A pesquisadora ressalta que a rede de proteção a mulheres é complexa e multidisciplinar, por isso há necessidade de ter verbas disponíveis para formar profissionais e garantir o atendimento adequado a quem precisa. "É uma vítima que tem de ser inserida no sistema de saúde, no policial, no de assistência social e no jurídico."
Em contato com Universa, o ministério afirmou que "o valor atualmente previsto [para o Disque 100 e o Ligue 180] é o adequado e necessário para a manutenção dos patamares de qualidade atualmente alcançados pelos serviços".
Diz, ainda, que "o orçamento previsto atenderá principalmente os custos com a Central de Atendimento da Ouvidoria Nacional dos Direitos Humanos, que conta com mais de 400 colaboradores e recebe cerca de 10.000 ligações por dia. Além disso, haverá outros investimentos nas melhorias e modernização dos serviços tais como: contratação de dados patrocinados aos usuários dos serviços do MMFDH, Plataforma Omnichannel — que permite o uso integrado de diversos canais de comunicação — e serviço de ouvidoria itinerante", sem dar detalhes sobre os gastos destinados a cada projeto.
Casa da Mulher Brasileira recebeu 5% da verba proposta até dezembro e terá corte de 70% em 2022
Uma das principais políticas públicas na área, a Casa da Mulher Brasileira foi a que mais sofreu impacto pela falta de investimentos tanto em 2021 quanto na previsão para o ano que vem.
Neste ano, dos R$ 21 milhões autorizados para serem gastos, apenas R$ 1 milhão foi investido, representando 5% do total da verba disponível.

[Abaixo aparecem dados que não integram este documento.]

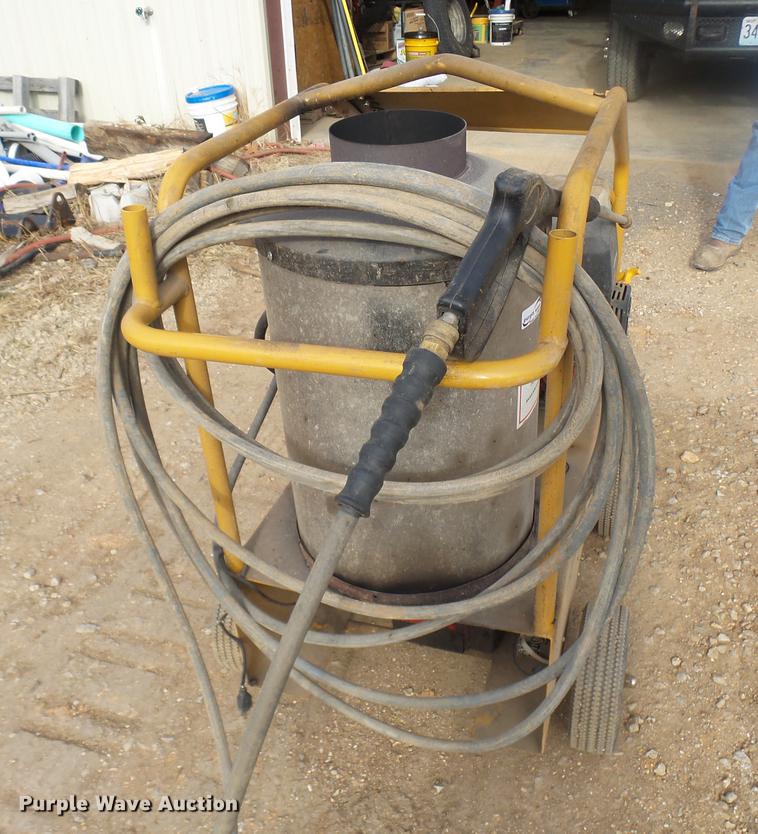 image for item DX9331 Yokohma pressure washer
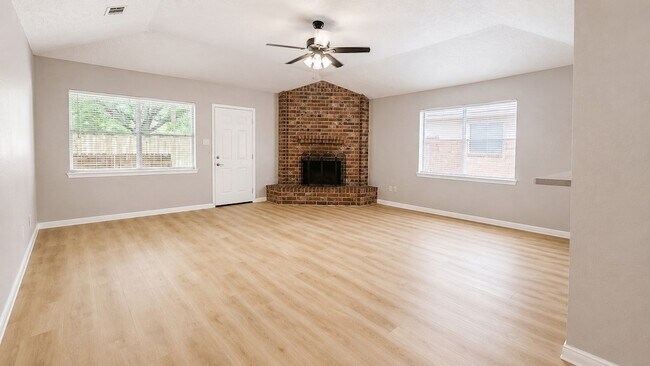 Foto del edificio - 22131 Pearl Lake Dr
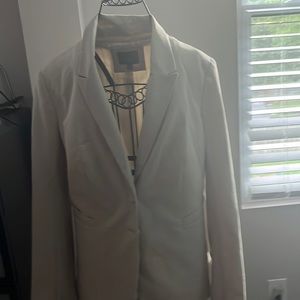 The Limited Collection crème blazer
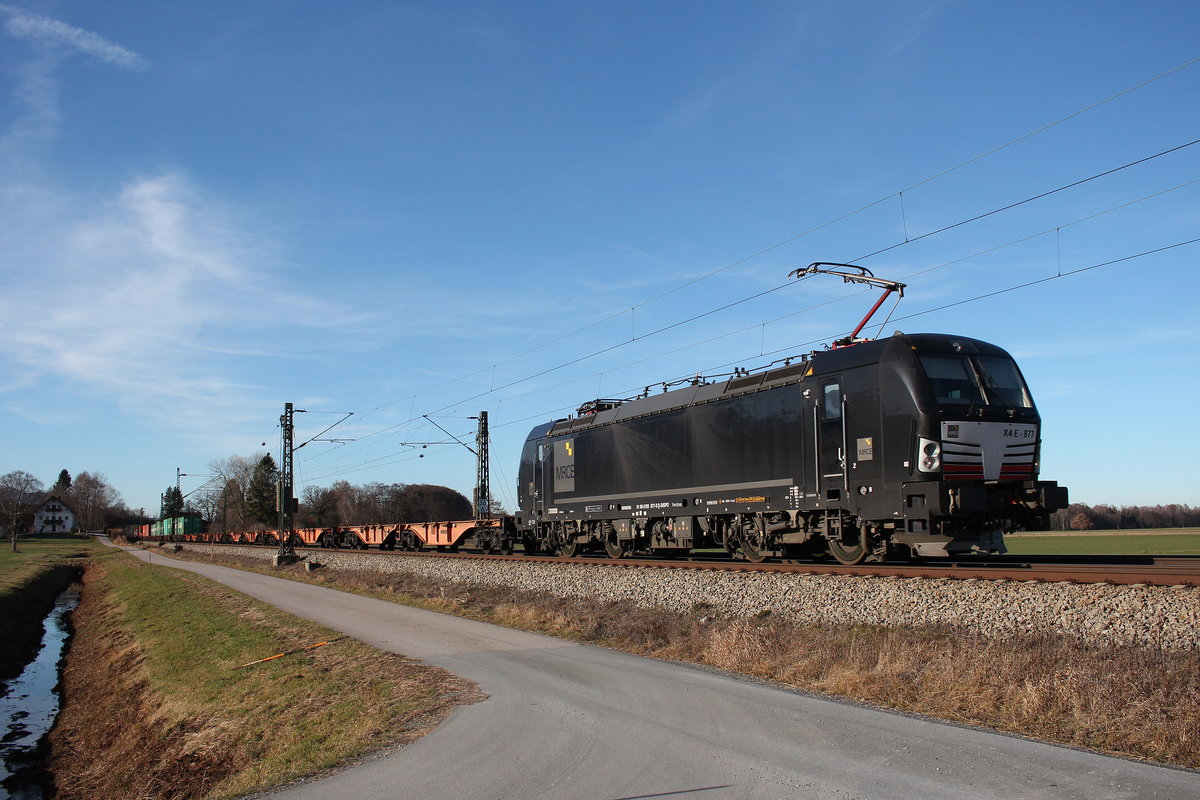 193 877-8 mit einem m��ig beladenem Containerzug am 10. Dezember 2016 bei �bersee am Chiemsee.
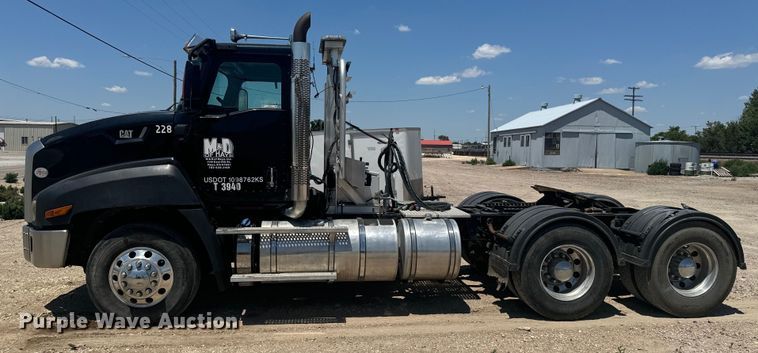 image for item DX3457 2015 Caterpillar  CT660 semi truck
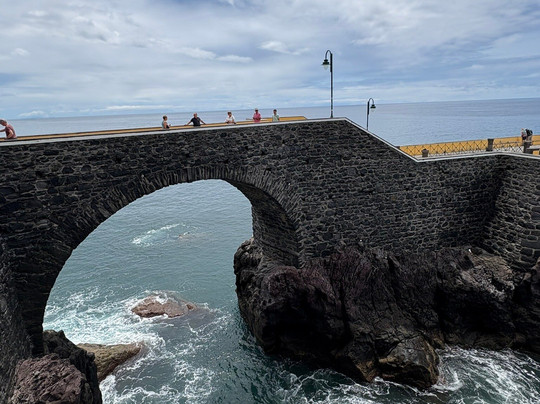 Madeira Taxi Tours with Marcelo-马德拉群岛必去景点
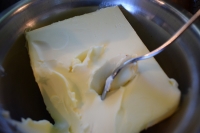 Knoblauch-Senf-Butter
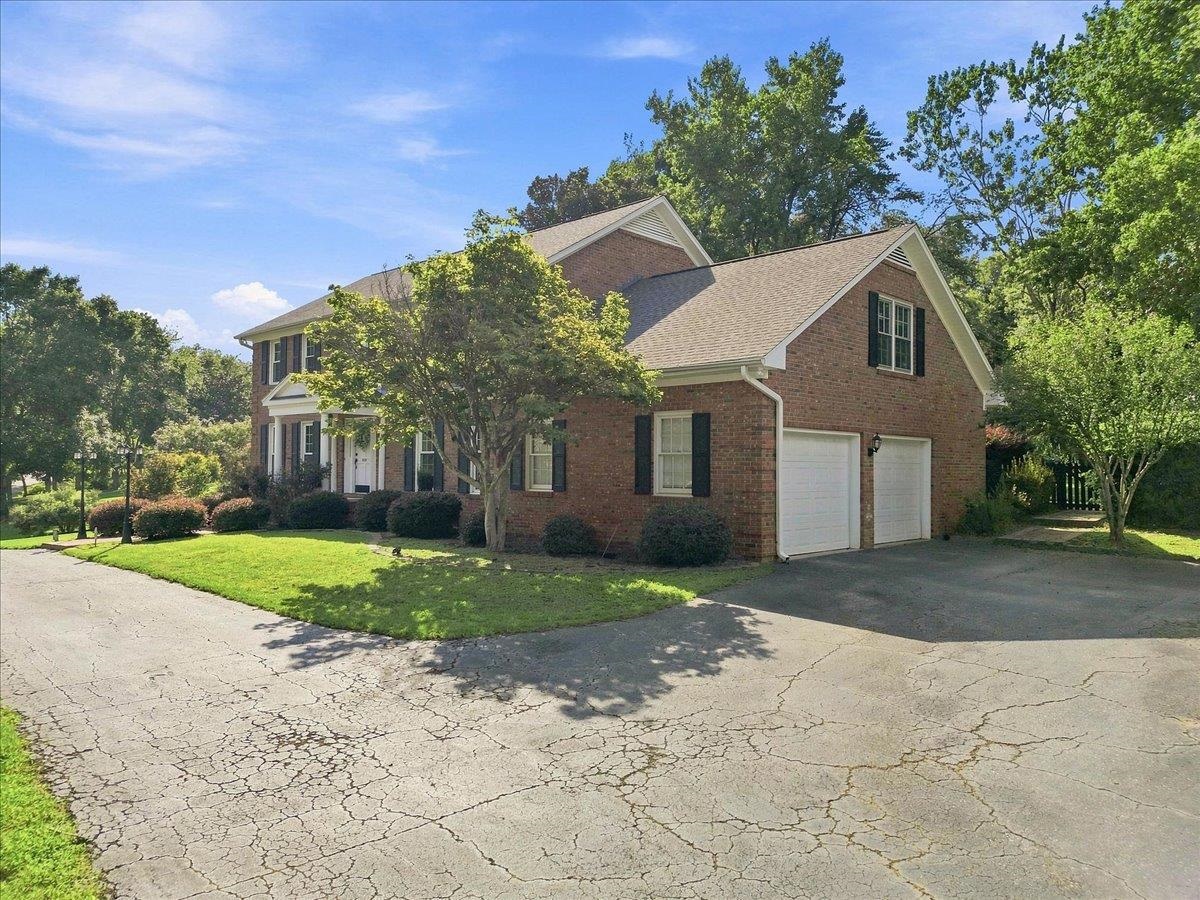 410 Thornhill Drive Property Photo 3
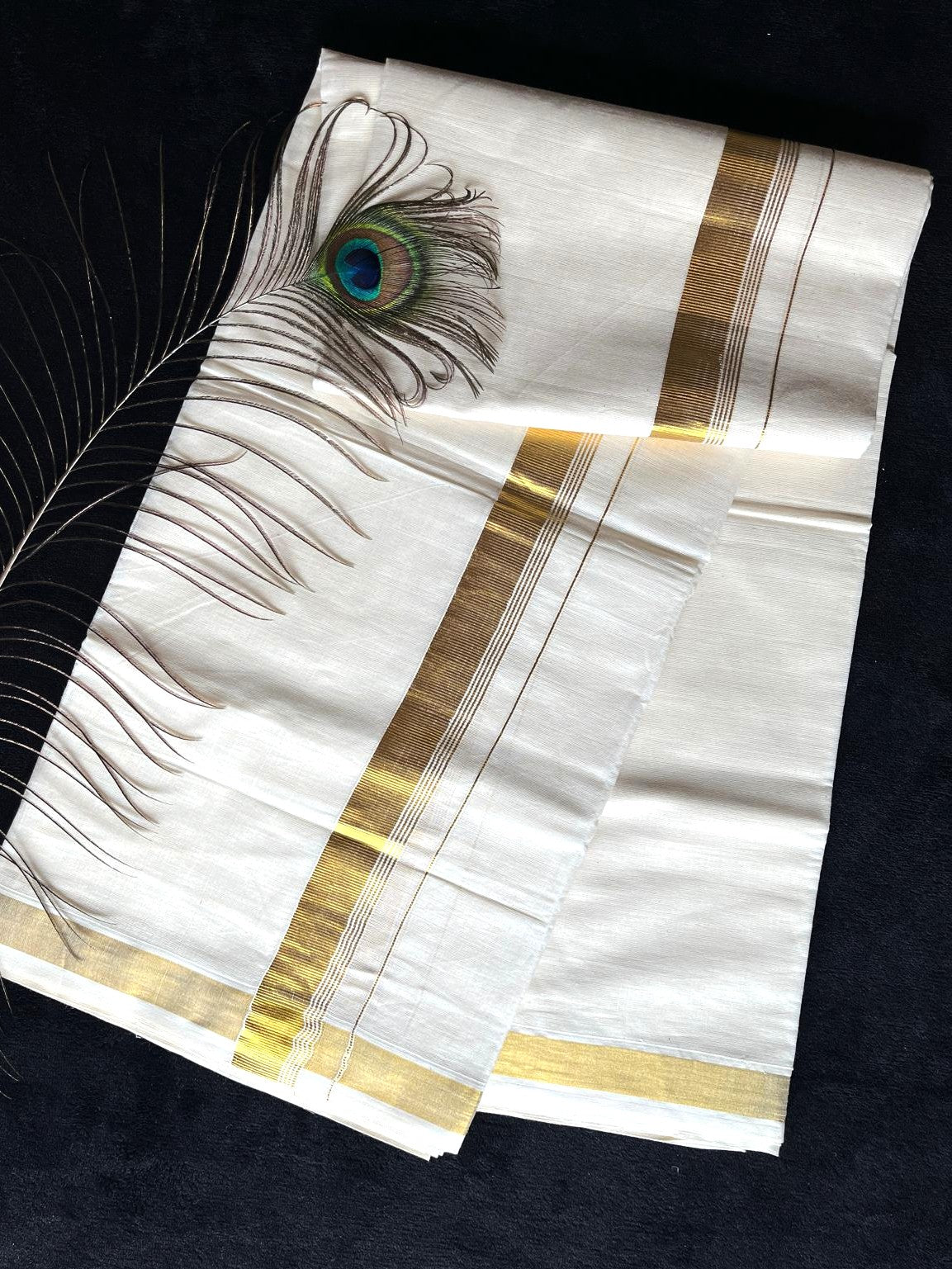 Off-white/cream Kasavu Mundu - Gold Border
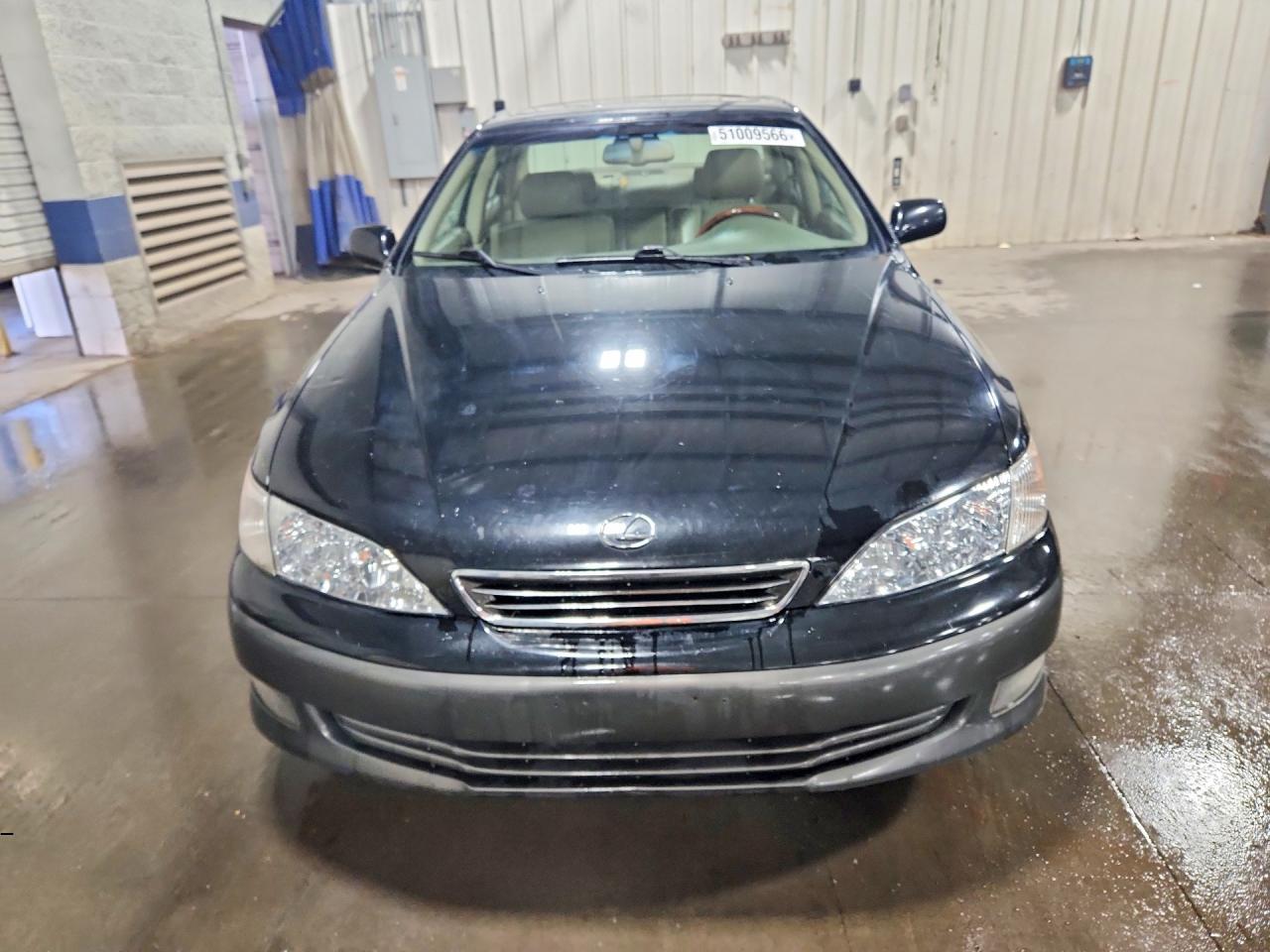 2001 Lexus Es 300 - Image 5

Em 2022, a verba disponível deve cair drasticamente, passando para R$ 6 milhões. É um corte de 70%.
O projeto da Casa da Mulher Brasileira foi criado para oferecer, em um mesmo lugar, diversos tipos de atendimento às vítimas de violência doméstica —psicológico, jurídico e policial. Atualmente, há oito unidades em funcionamento no país, segundo o ministério.
Em julho, Universa publicou outro levantamento mostrando que o gasto do MDH com mulheres foi o menor desde que a área deixou de ser um ministério e passou a ser uma secretaria, em 2015. Na época, o ministério afirmou que uma unidade da Casa da Mulher Brasileira seria inaugurada em Uberaba (MG), até dezembro, o que não aconteceu até o momento, e que outras 22 unidades seriam entregues em 2022. Em nota, a prefeitura de Uberaba informou que "o município está em tratativas com o governo federal para a efetivação do convênio" e que "não há previsão de Casa da Mulher Brasileira iniciará as atividades" na cidade.